(Data extracted from a collection)

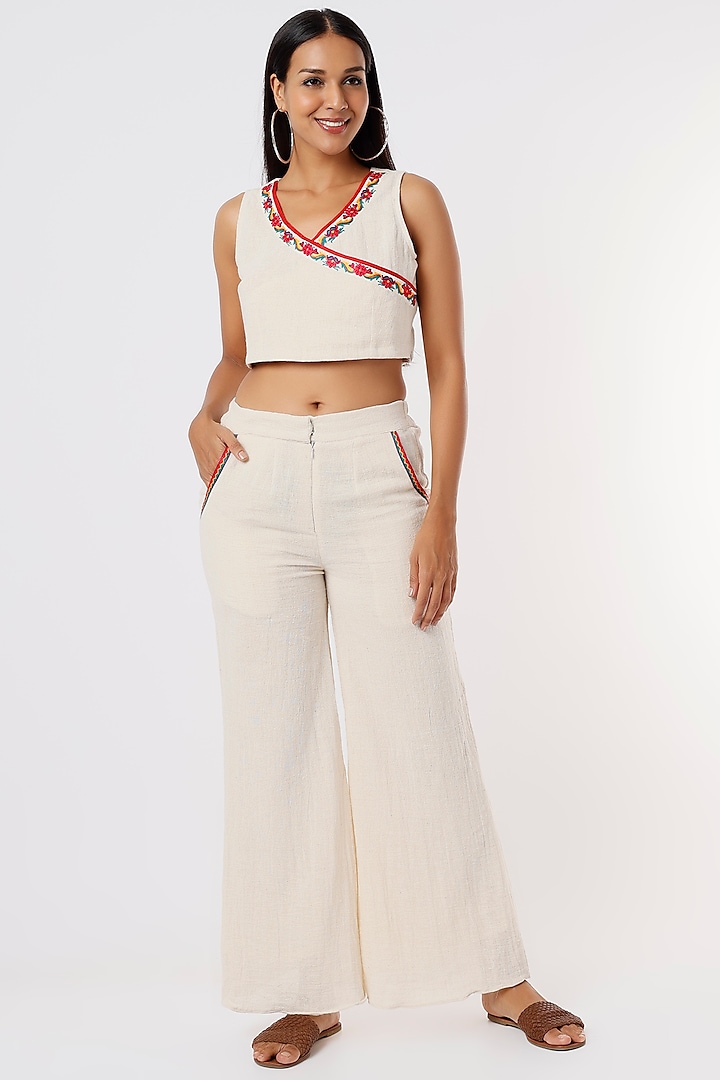 Off-White Aari Embroidered Flared Pants by IKSANA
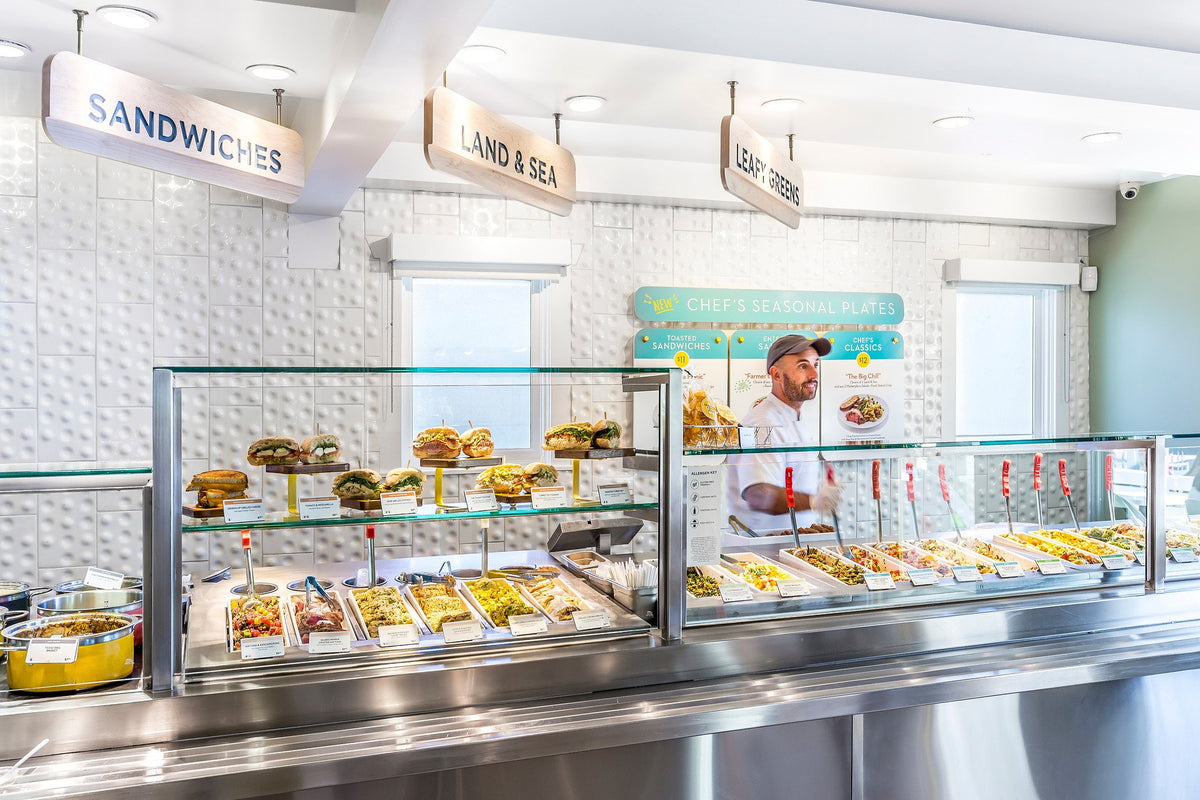 Food counter backed by dimensional tile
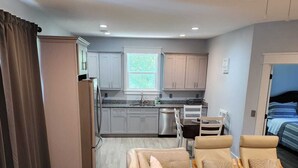 A modern apartment with a kitchenette, a dining area with a sofa and chairs, and a bedroom with a bed. - Beautiful 2-bedroom Apartment above Garage with AC in charming Mount Pleasant (Mount Pleasant)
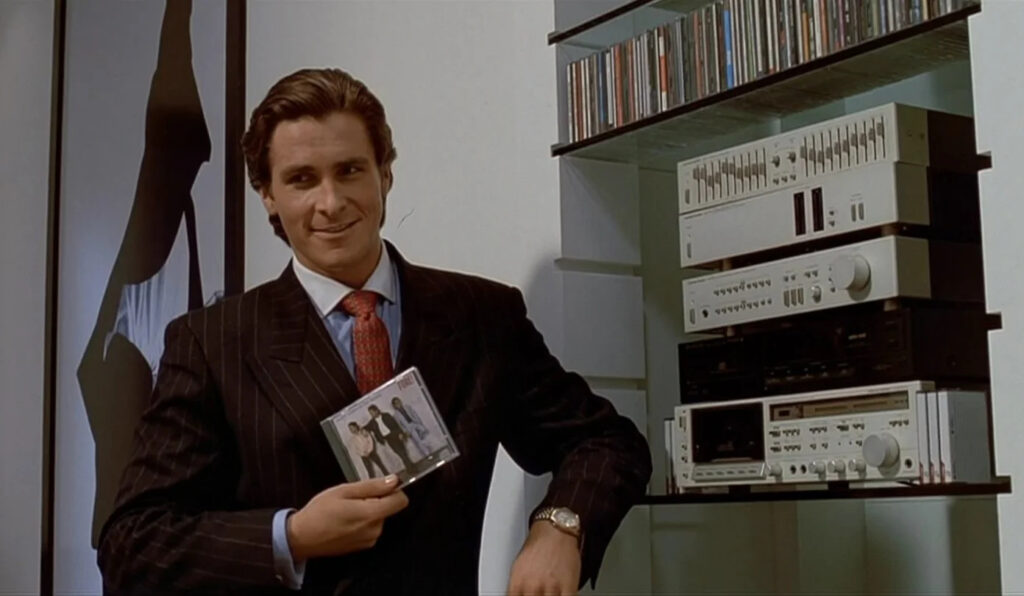 Patrick Bateman, a brunette white man wearing a pinstripe black suit with a blue button down and red patterned tie, holds up a CD. He is standing to the left of a CD stereo system.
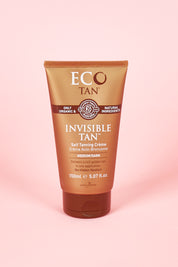 A model wearing the Organic Invisible Tan in colour Naturals, from the front, showing the whole outfit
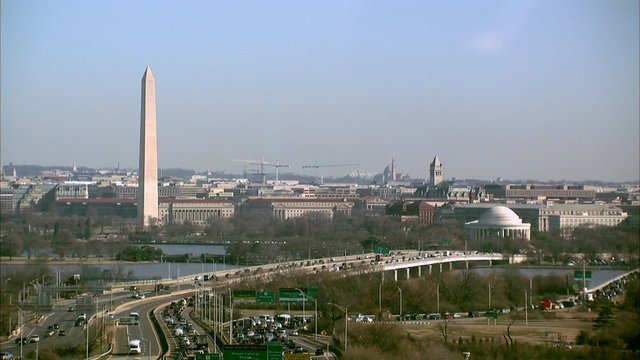 Airplane Flies by the Washington Monument, Jefferson Memorial and traffic in Washington, D.C.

→ TASK TO COMPLETE
In the records above, find the line that contains "A modern apartment" and retype it and all lines after it exactly, leaving out any pictures.

→ SOLUTION FOR THIS EXERCISE
 A modern apartment with a kitchenette, a dining area with a sofa and chairs, and a bedroom with a bed. - Beautiful 2-bedroom Apartment above Garage with AC in charming Mount Pleasant (Mount Pleasant)
 Patrick Bateman, a brunette white man wearing a pinstripe black suit with a blue button down and red patterned tie, holds up a CD. He is standing to the left of a CD stereo system.
 A model wearing the Organic Invisible Tan in colour Naturals, from the front, showing the whole outfit
 Airplane Flies by the Washington Monument, Jefferson Memorial and traffic in Washington, D.C.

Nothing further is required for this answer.